This post was inspired by the course Introduction to Control Theory and Optimal Control taught by Nicolas Charon at Johns Hopkins University.

The Control System

A primary influence on the temperature of your home is the outdoor temperature, which we will assume to be constant, $H_o$. According to Newton’s rate of cooling, your home will cool at a rate proportional to $x-H_o$. However, we can warm the home by, say, burning gas in a furnace at a rate $u(t)$. Our control system is then:

\[\dot x(t)=-k(x(t)-H_o)+u(t)\]

However we will make a substitution for simplicity $y=x-H_o$:

\[\dot y(t)=-ky(t)+u(t)\]

And our endpoint conditions are $y(0)=y(T)=H_i-H_o$. First, we note that we have a linear, homogeneous, autonomous system. Further, the coefficient on $u$ is nonzero so the system is controllable by the Kalman condition. In particular, at any time $T>0$, we can control the system to any state $y$. This means that, for example, no matter what temperature our house is before we get back, it can be controlled to our desired temperature in an infinitely small amount of time.

Goal

Our goal is to minimize the total gas burned during our absence, which is:

\[C(u)=\int_0^T |u(t)|dt\]

where the Lagrangian is $L(u)=\vert u(t)\vert$. As mentioned before, the system is controllable at any positive time. Further, it can be shown that the total gas burned, $C$ can be made infinitely small by waiting longer and longer to heat the home back up (and doing so by burning gas at a very high rate $u$). This degenerate problem is not interesting, so we consider a constrained control, $u \in L^\infty([0,T],[0,U])$ i.e. $u$ has a maximal value of $U$. In this case, we have to assume that $U/k>H_i>H_o$, meaning we can burn gas at a rate fast enough to achieve our desired temperature and that our desired temperature is warmer than the outside temperature. I will not focus on the units of $u$ but, each unit $u$ is the rate of energy consumption needed to heat up the home at a rate of $1$ degree per day, when the home is the same temperature as the outdoors.

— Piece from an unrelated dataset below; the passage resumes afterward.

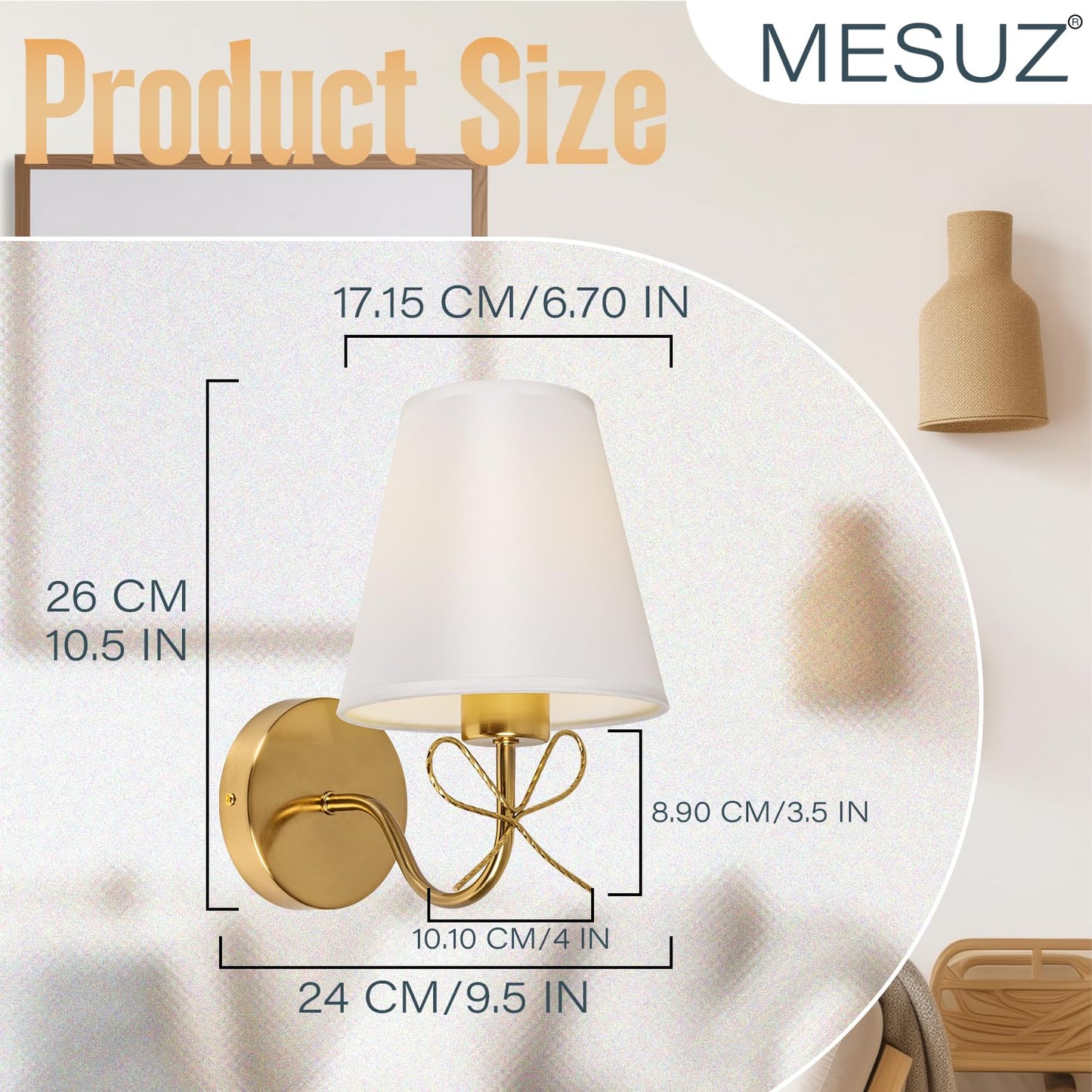 Mesuz Antique Brass Wall Sconces Set of Two, Bow Sconces Decor Gold Wall Lights Brass Brushed Gold Sconce with Fabric Shade, E26 110V Hardwired Wall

Solving the Optimal Control Problem

Our Hamiltonian is:

\[H_\lambda(y,p,u)=p(u-ky)-\lambda |u|\]

And we can apply the strong Pontryagin maximum principle which is a necessary condition for an optimal control $u$, assuming one exists. The condition for optimality is in the following equations:

\[\begin{align} \dot y &= \nabla_p H_\lambda(y,p,u) \nonumber \\ &= u-ky \\ \dot p &= -\nabla_y H_\lambda(y,p,u) \nonumber \\ &= kp \\ u(t) &= argmax_{v \in [0,U]} \; H_\lambda(y,p,v) \nonumber \\ &= argmax_{v \in [0,U]} \; p(v-ky)+\lambda |v| \nonumber \\ &= argmax_{v \in [0,U]} \; v(p-\lambda) \end{align}\]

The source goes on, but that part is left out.